Sunday, May 1, 2011

Birth, Death...Stupidity

Scene: An upper room where some people are hiding out a whole bunch of years ago.  A man suddenly appears in their midst.
Man: "Thomas, come here. You doubt that I'm real, right?  Put your fingers into these wounds.  What do you say now?"
Thomas: (Puts fingers into the wounds.) "Yeah, well I still don't believe.  It could be a trick."

     Some recent articles (e.g., Kate Zernike's in today's New York Times) have tried to explain what's going on in the minds of the 'birthers' who continue to believe (in spite of the newest incarnation of his birth certificate) that President Obama is not a natural born citizen of the United States. Many of these people insist that they are not racists, despite now wanting to see proof that the President actually went to the schools he says he graduated from--or if he went to them, to prove that he was as good a student as he claimed--or, if he was that good, then we need to know how he got into such schools in the first place.

     More than a few of these doubters are motivated by the view that there is just something wrong with a black person holding such high office.  They would not admit it to themeselves, of course, but engage in Olympic class self-deception about the racism at the root of their doubts about the President's citizenship. 

     Yet, let's grant that not all of these recalcitrant doubters work from some clear or muddied racial ideology.  We still need to remind ourselves that racism is only one of the many ways to be very stupid, and that these other ways are also powerfully destructive of democratic value.

     Do we remember Senator John McCain during his run for President having to correct the woman who said that she didn't trust Obama because 'he's an Arab'?  Have you ever had the frightening experience of sitting next to someone on a plane or train who tells you that "the Jews" are behind rising gas prices?  And how difficult is it to find internet sites offering  'evidence' that the World Trade Center towers actually collapsed because of bombs placed inside the structure itself?

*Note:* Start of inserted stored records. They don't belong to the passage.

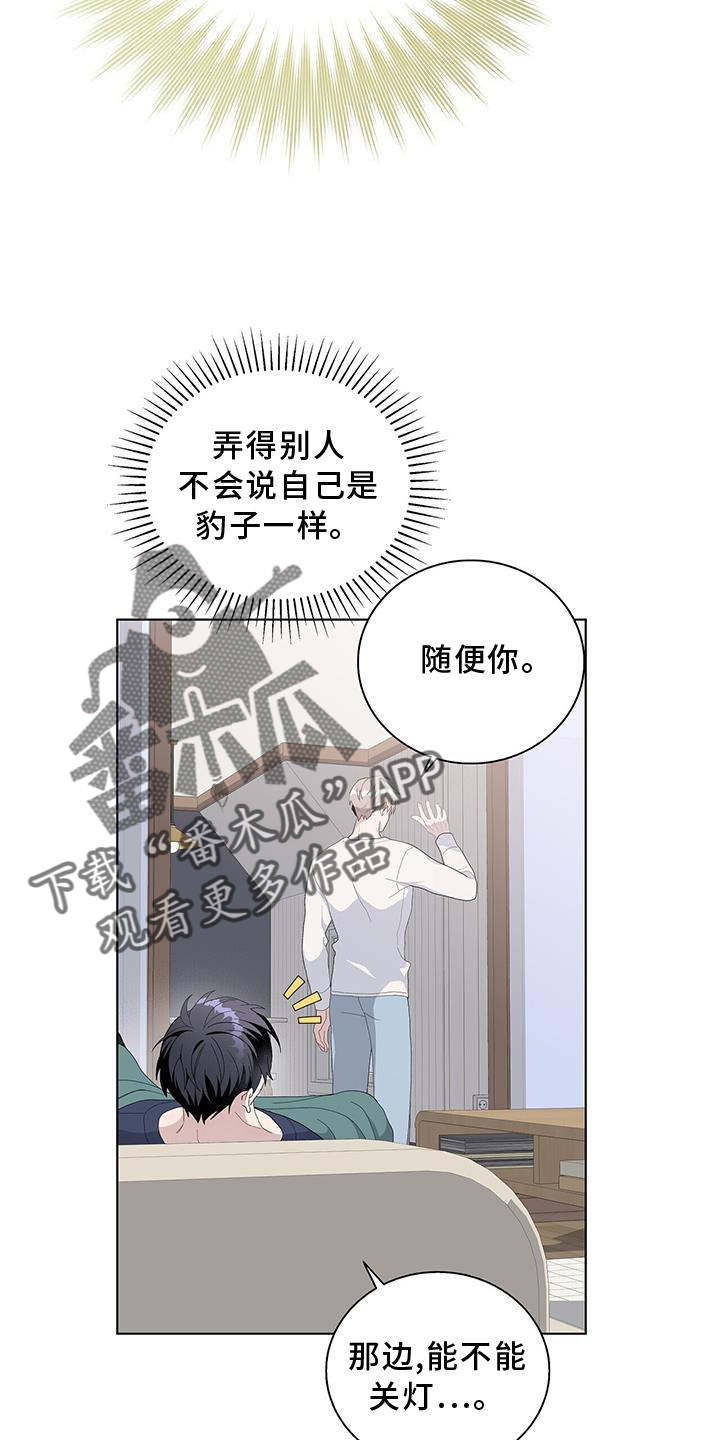 《危险爆发》第16话 第11页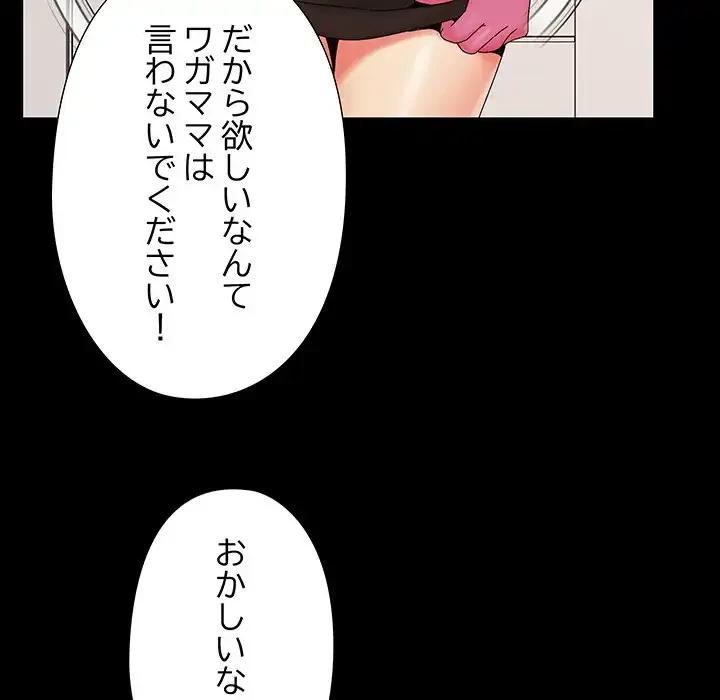 亡者たち 第25話 - 28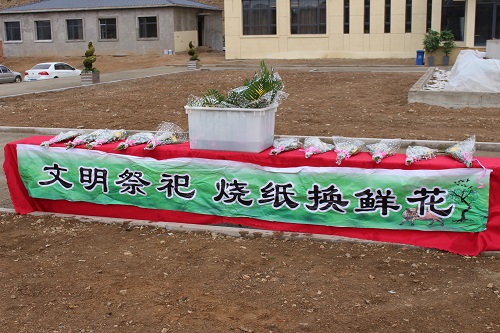 包頭公墓銷售 包頭公墓銷售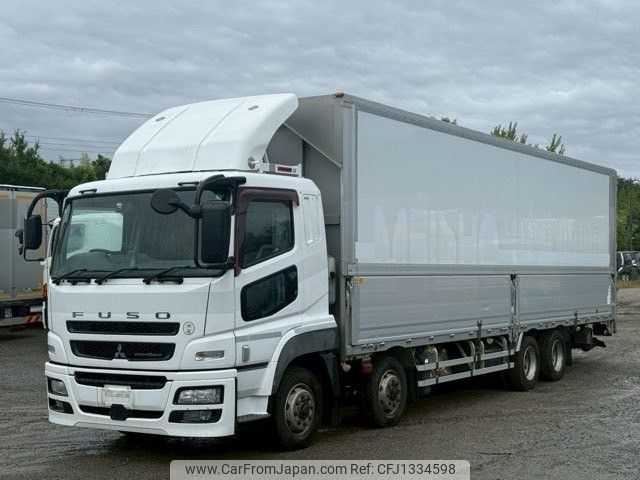 mitsubishi-fuso super-great 2015 -MITSUBISHI--Super Great QPG-FS64VZ--FS64VZ-510419---MITSUBISHI--Super Great QPG-FS64VZ--FS64VZ-510419- image 2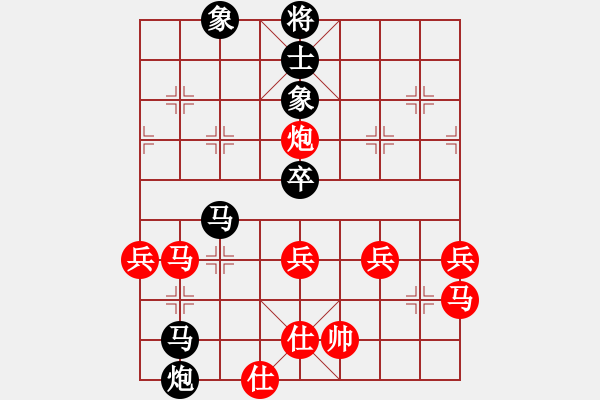 象棋棋譜圖片：光照大地(地煞)-負-大將第一(9星) - 步數(shù)：80 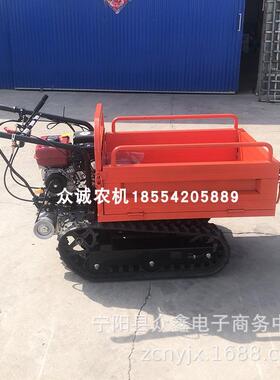 履带手运输车小运型输推履带式行走运输机农用山地丘948陵车自卸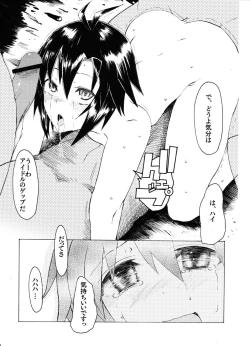 Page 22 of Most Muscular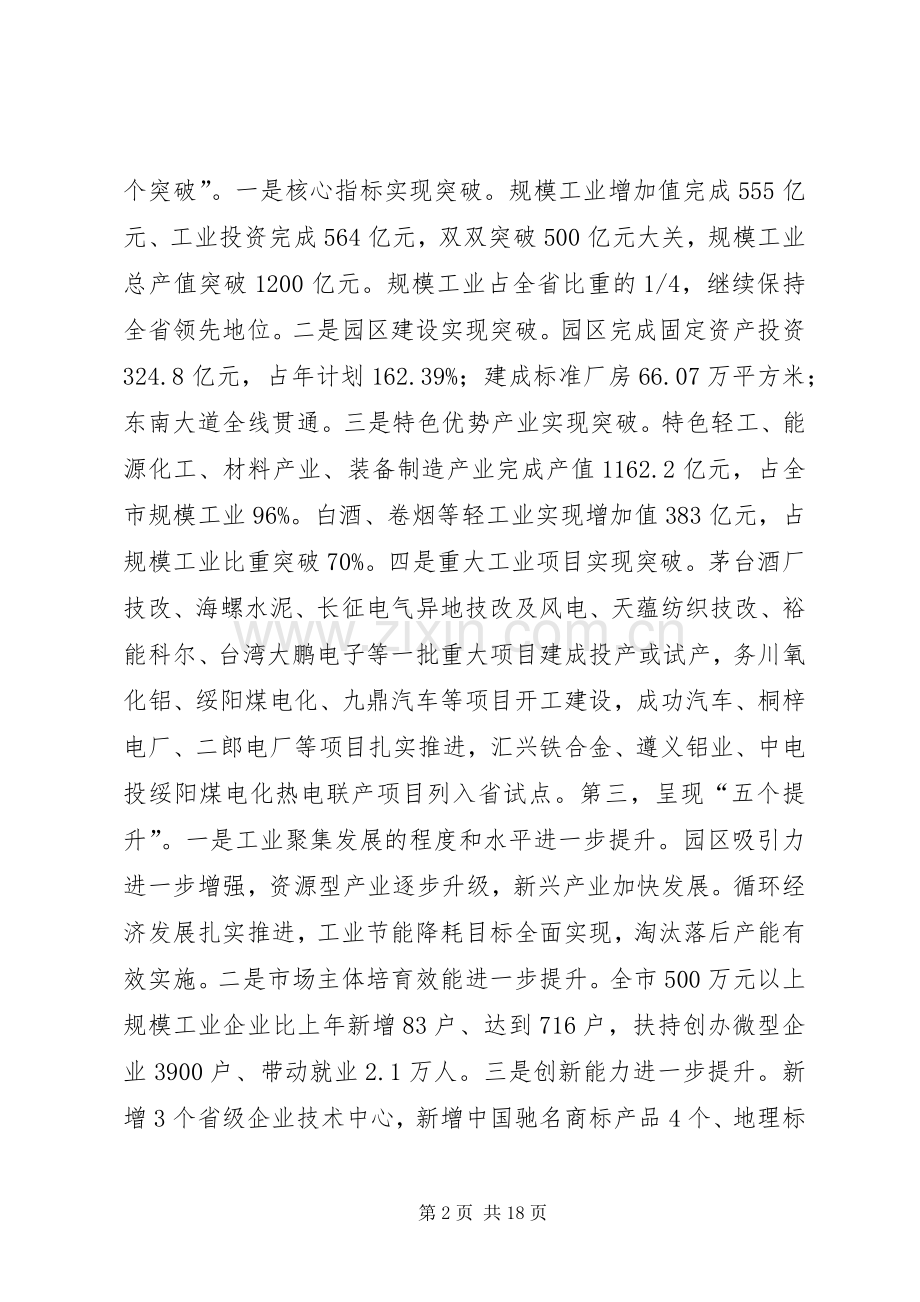 副市长在市工业和开放型经济工作会议上的讲话.docx_第2页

     Democracy is valued, among other things, because it is tolerant of many different-often even contradictory- views about what we should be doing, why we should be doing it, why it matters, and so on.  And the belief of the great John Stuart Mill and others that error will not find a solid resting place in the discussion, so long as we allow all sides to be heard and make sure that no views are suppressed makes a good deal of sense.  But error is one kind of thing; blatant stupidity is quite another.  Perhaps even industrial strength ignorance can be handled in a democracy, provided it is not valued for itself, that it allows for the possibility of its being mistaken and correctable by facts.  The still defiant 'birthers' are just one example, however, of the stupidity that is extolled as prized precisely because it cannot be refuted by fact.  No sets of facts, no matter how incontrovertible and no matter how high the sets are piled before these kinds of believers, will ever make a difference.

     This kind of stupidity is a vice, a habit of reactive behavior that is second nature to anyone who has it. To these holders of the vice, it looks like courage in the face of attack..  The principal reason why thinkers such as Plato and Aristotle had serious doubts about democracy was not the fear that democratic decisions are sometimes mistaken and in need of correction, but that the vice of stupidity would come to be seen as the real virtue, that reason and intelligence come to be seen as threats to the common good.  The American philosopher John Dewey warned us that genuine democracy absolutely requires intelligence as its most important characteristic.  It's time to read him again.

     An elderly woman friend of my mother's--let's call her 'Aunt Francesca', because in Italian families everyone you know merits a family title--once told me that she had ghosts in her house.  She could hear them making banging noises at night.

"Aunt Francesca," I respectfully suggested, "couldn't the noises simply be the radiators clanging as the furnace gets them going in this cold weather?"   She replied: "You don't understand, filio mio, that is exactly how those clever ghosts make their presence known!"